* [ABOUT THIS EXERCISE] Nothing in the entries may be dropped: restate them word for word.

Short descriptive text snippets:
BEGIN

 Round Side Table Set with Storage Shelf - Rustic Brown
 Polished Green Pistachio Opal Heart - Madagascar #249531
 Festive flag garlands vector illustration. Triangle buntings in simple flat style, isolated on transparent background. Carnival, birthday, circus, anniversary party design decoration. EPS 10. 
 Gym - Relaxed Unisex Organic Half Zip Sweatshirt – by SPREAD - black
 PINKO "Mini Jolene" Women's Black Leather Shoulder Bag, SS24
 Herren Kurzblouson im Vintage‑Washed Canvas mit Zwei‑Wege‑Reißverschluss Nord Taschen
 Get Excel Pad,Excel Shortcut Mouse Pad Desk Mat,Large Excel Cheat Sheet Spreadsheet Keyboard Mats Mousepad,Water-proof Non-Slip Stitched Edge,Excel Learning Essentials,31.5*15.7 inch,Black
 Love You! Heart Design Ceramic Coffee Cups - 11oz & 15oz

END

* [EXERCISE RESULT]
 Round Side Table Set with Storage Shelf - Rustic Brown
 Polished Green Pistachio Opal Heart - Madagascar #249531
 Festive flag garlands vector illustration. Triangle buntings in simple flat style, isolated on transparent background. Carnival, birthday, circus, anniversary party design decoration. EPS 10. 
 Gym - Relaxed Unisex Organic Half Zip Sweatshirt – by SPREAD - black
 PINKO "Mini Jolene" Women's Black Leather Shoulder Bag, SS24
 Herren Kurzblouson im Vintage‑Washed Canvas mit Zwei‑Wege‑Reißverschluss Nord Taschen
 Get Excel Pad,Excel Shortcut Mouse Pad Desk Mat,Large Excel Cheat Sheet Spreadsheet Keyboard Mats Mousepad,Water-proof Non-Slip Stitched Edge,Excel Learning Essentials,31.5*15.7 inch,Black
 Love You! Heart Design Ceramic Coffee Cups - 11oz & 15oz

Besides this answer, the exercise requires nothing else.